I'm specifically using "f.x = 1" because "sizeof f.x" takes the size of a bitfield lvalue, which is clearly not allowed.

Answer 4

Trying to get the size of a bitfield isn't legal, as you have seen. (sizeof returns the size in bytes, which wouldn't make much sense for a bitfield.)

sizeof(f.x = 1) will return the size of the type of the expression. Since C doesn't have a real "bitfield type", the expression (here: an assignment expression) usually gets the type of the bit field's base type, in your example unsigned int, but it is possible for a compiler to use a smaller type internally (in this case probably unsigned char because it's big enough for one bit).

Answer 5

The

(f.x = 1)

is not an expression, it is an assignment and thus returns the assigned value. In this case, the size of that value depends on the variable, it has been assigned to.

unsigned x:1

has 1 Bit and its sizeof returns 1 byte (8 bit alignment)

If you would use

unsigned x:12

then the sizeof(f.x = 1) would return 2 byte (again because of the 8 bit alignment)

Answer 6

The sizeof(1) is presumably the size of an integer on the platform you are compiling on, probably either 4 or 8 bytes.

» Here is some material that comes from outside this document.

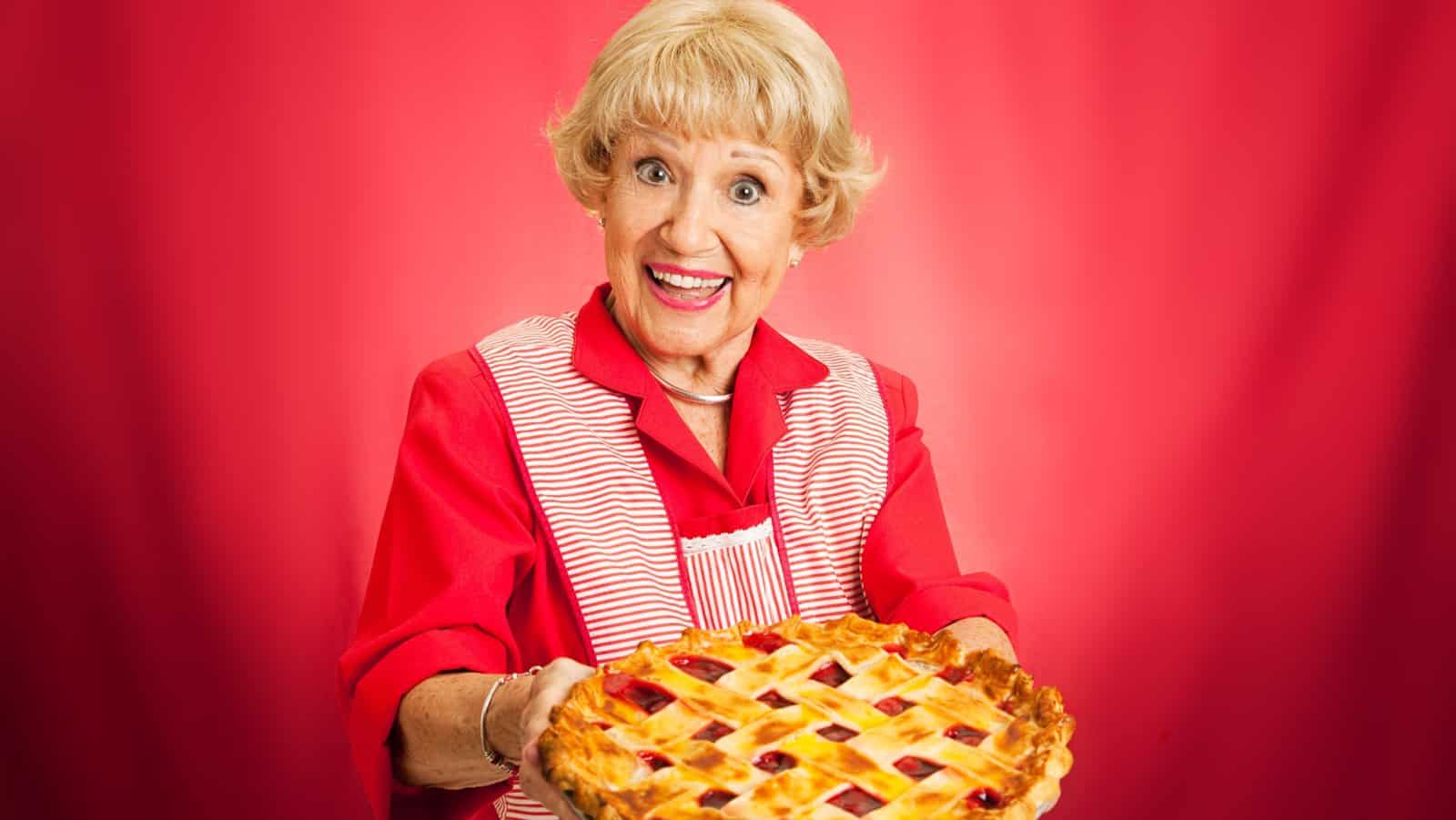 Woman serving pie. Lisa F. Young via Shutterstock.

Note that I'm NOT taking sizeof(1), which is effectively sizeof(int). Look close, I'm taking sizeof(f.x = 1), which should effectively be sizeof(bitfield_type).

I'd like to see a reference to something that tells me whether the construct is legal. As an added bonus, it would be nice if it told me what sort of result is expected.

gcc certainly disagrees with the assertion that sizeof(bitfield_type) should be the same as sizeof(int), but only on some platforms.

Answer 7

Trying to get the size of a bitfield isn't legal, as you have seen. (sizeof returns the size in bytes, which wouldn't make much sense for a bitfield.)

So are you stating that the behavior is undefined, i.e. it has the same degree of legality as "*(int *)0 = 0;", and compilers can choose to fail to handle this sensibly?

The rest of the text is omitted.